## What to produce:
Please copy exactly the lines from the first in the records through the line that contains "NIKE KYRIE FLYTRAP", but not the pictures.

[Data section Boundary: Start]

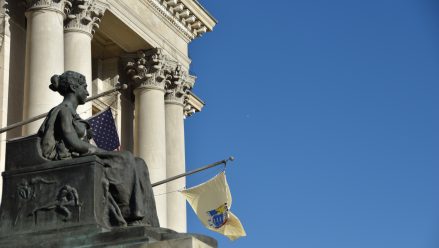 new jersey courthouse flag
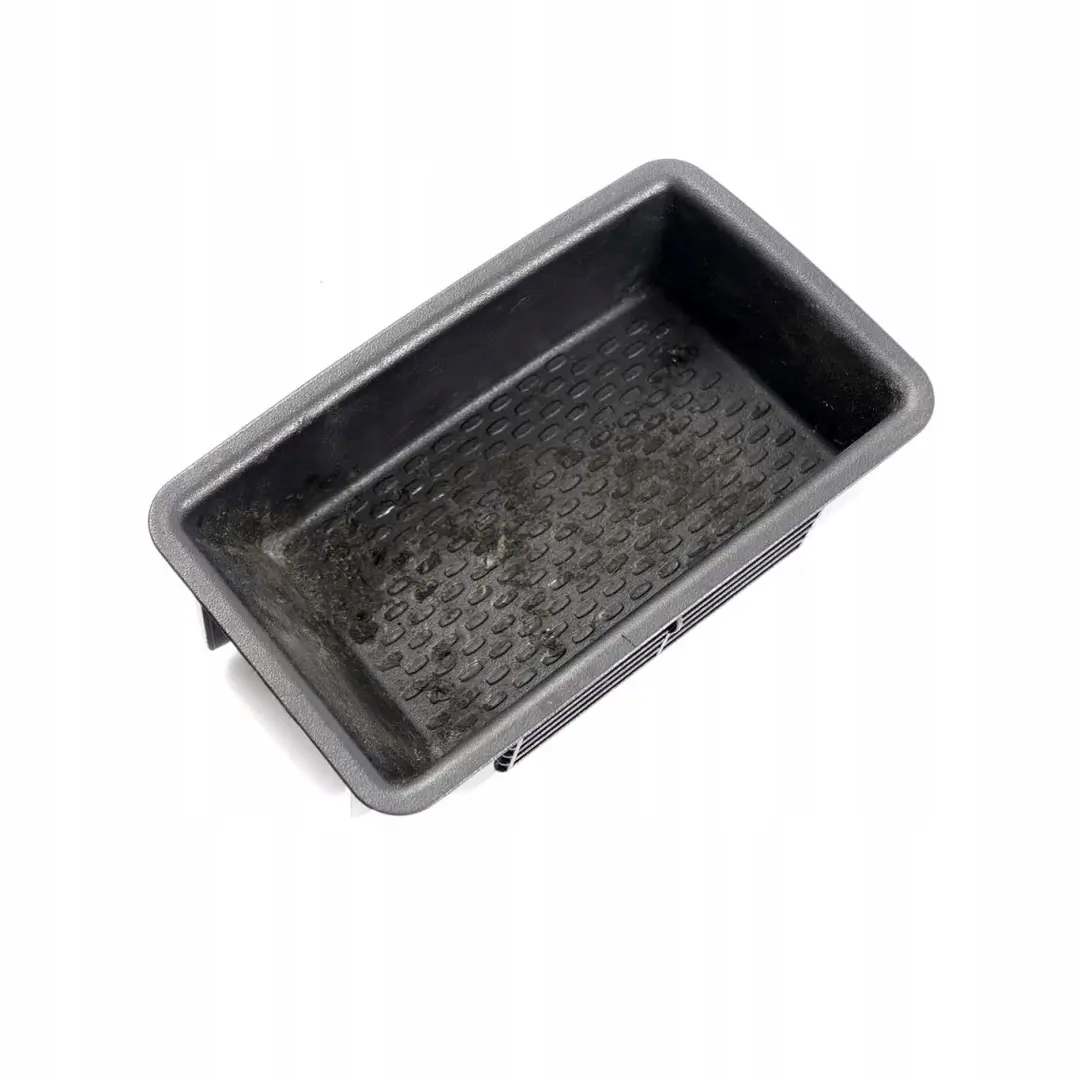 Insert De Rangement Pour Cendrier Avant De Console Centrale pour BMW E65 à propos du numéro de pièce 7022797 BMW E65 Insert De Rangement Pour Cendrier Avant De Console Centrale - SKU 7022797 - Numéro de pièce 7022797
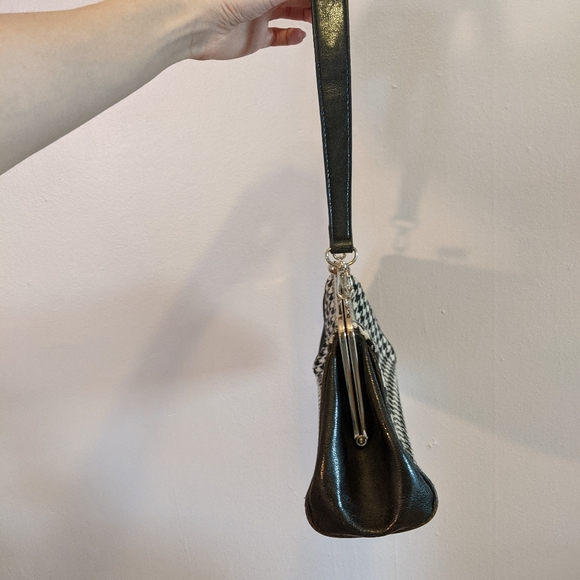 Houndstooth Shoulder Bag - Picture 7 of 7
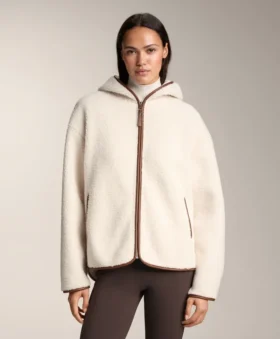 Chaqueta de imitación de piel de oveja con capucha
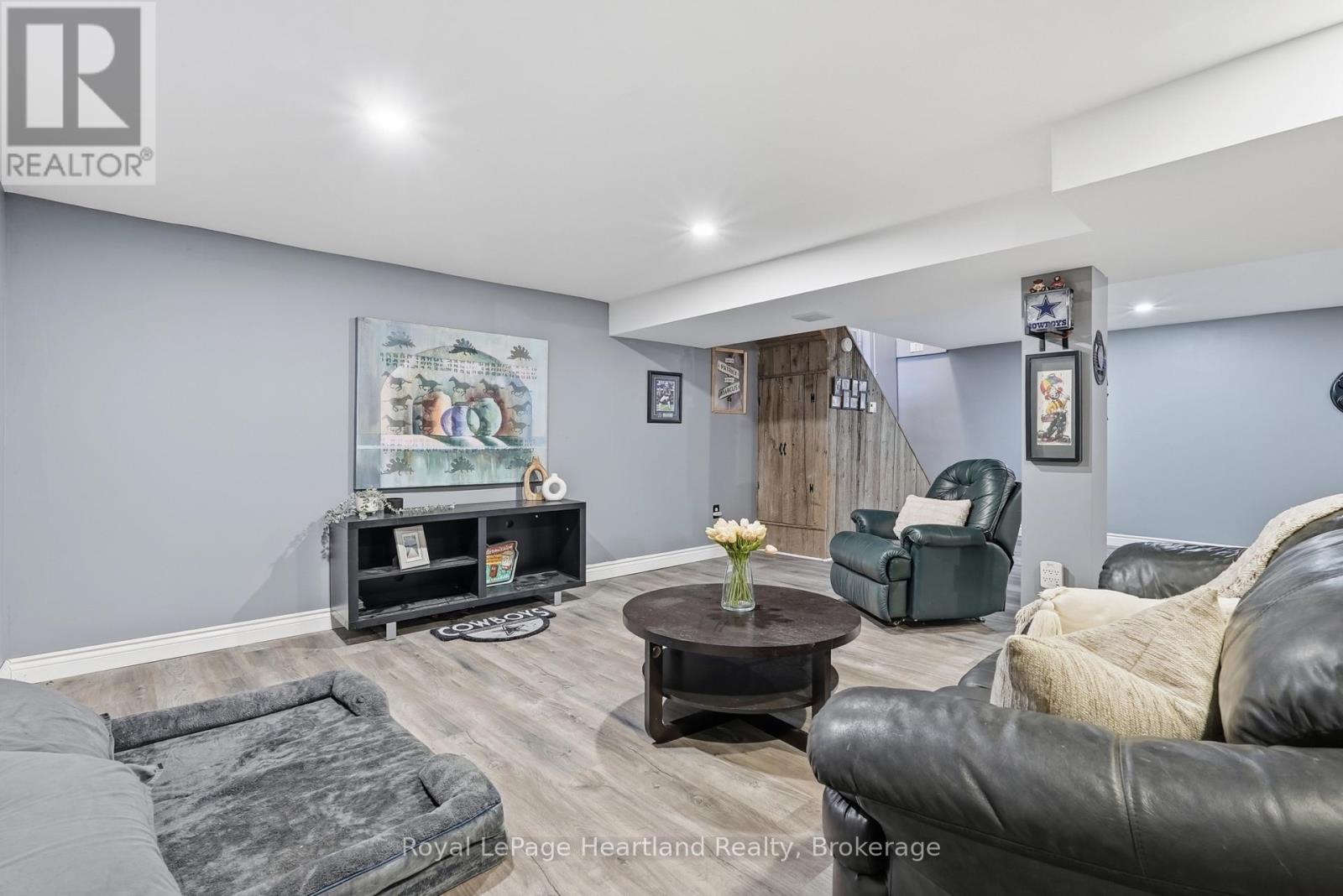 1041 MAIN STREET - 23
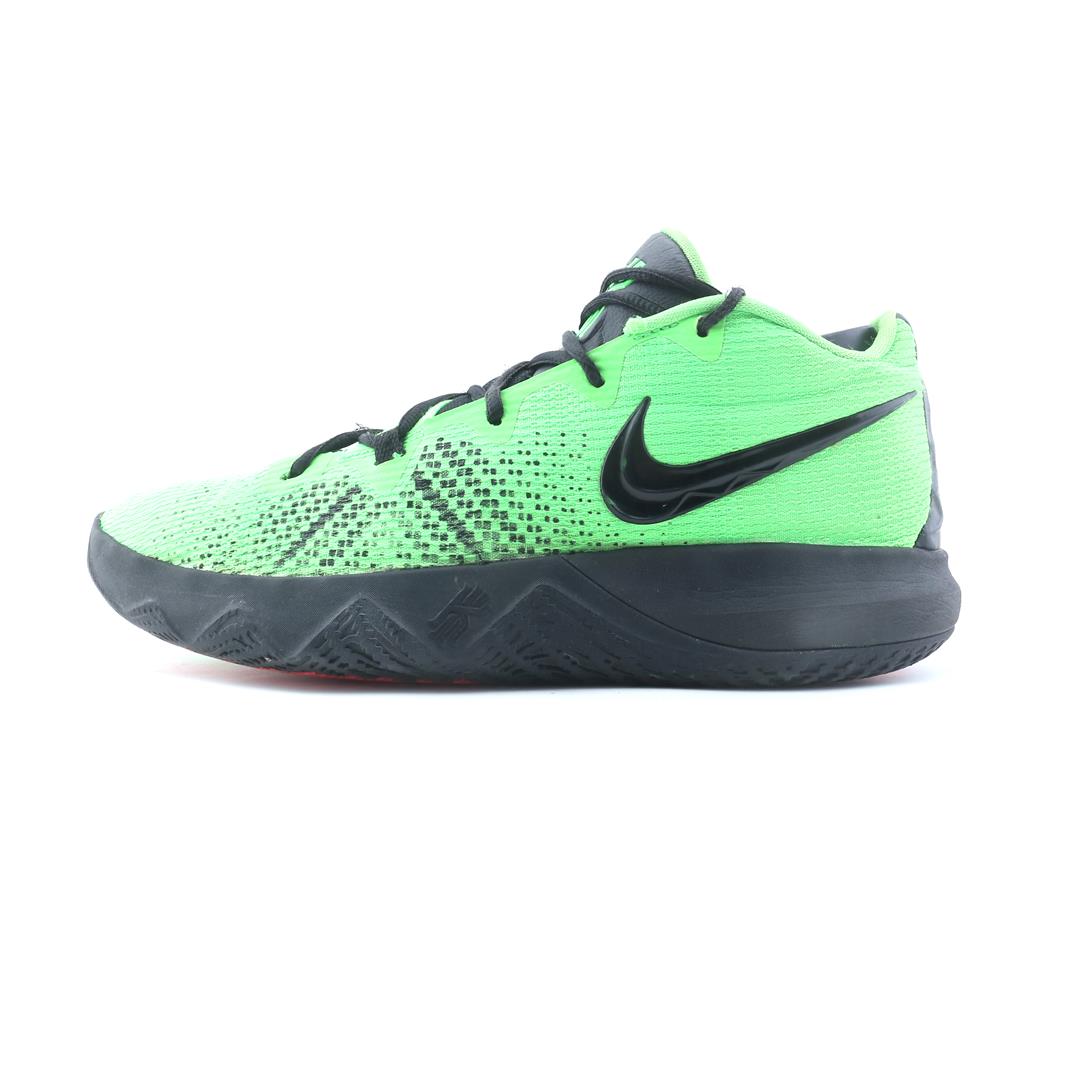 NIKE KYRIE FLYTRAP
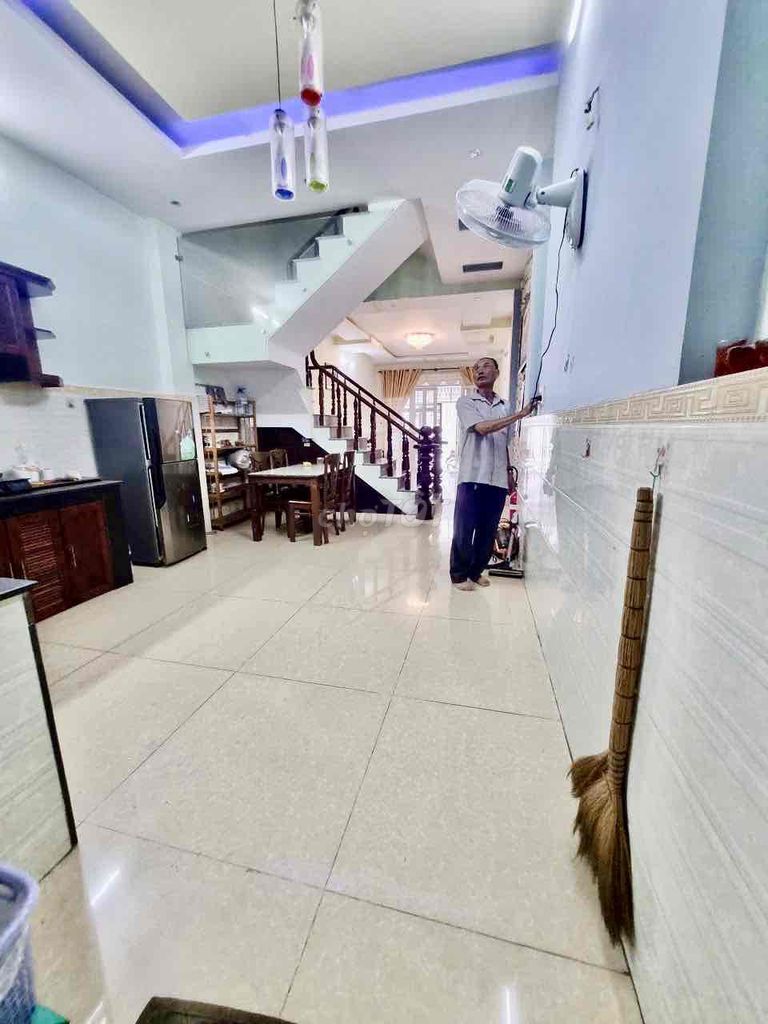 4 x17 meters 3 floor set (4 bedroom 5 toilets) 6 meters. 276 a. m. Bình Tân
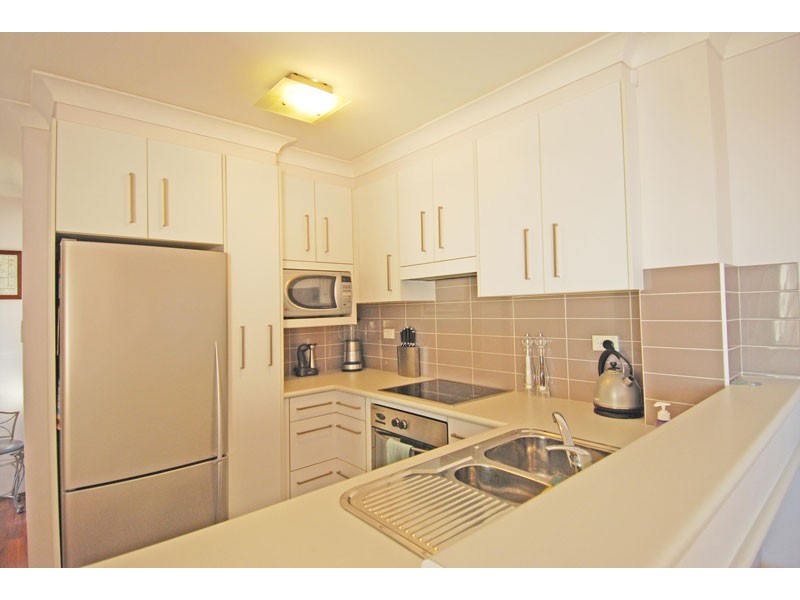 14/125 Oak Road, Kirrawee NSW 2232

[Data section Boundary: End]

## Response for this exercise:
 new jersey courthouse flag
 Insert De Rangement Pour Cendrier Avant De Console Centrale pour BMW E65 à propos du numéro de pièce 7022797 BMW E65 Insert De Rangement Pour Cendrier Avant De Console Centrale - SKU 7022797 - Numéro de pièce 7022797
 Houndstooth Shoulder Bag - Picture 7 of 7
 Chaqueta de imitación de piel de oveja con capucha
 1041 MAIN STREET - 23
 NIKE KYRIE FLYTRAP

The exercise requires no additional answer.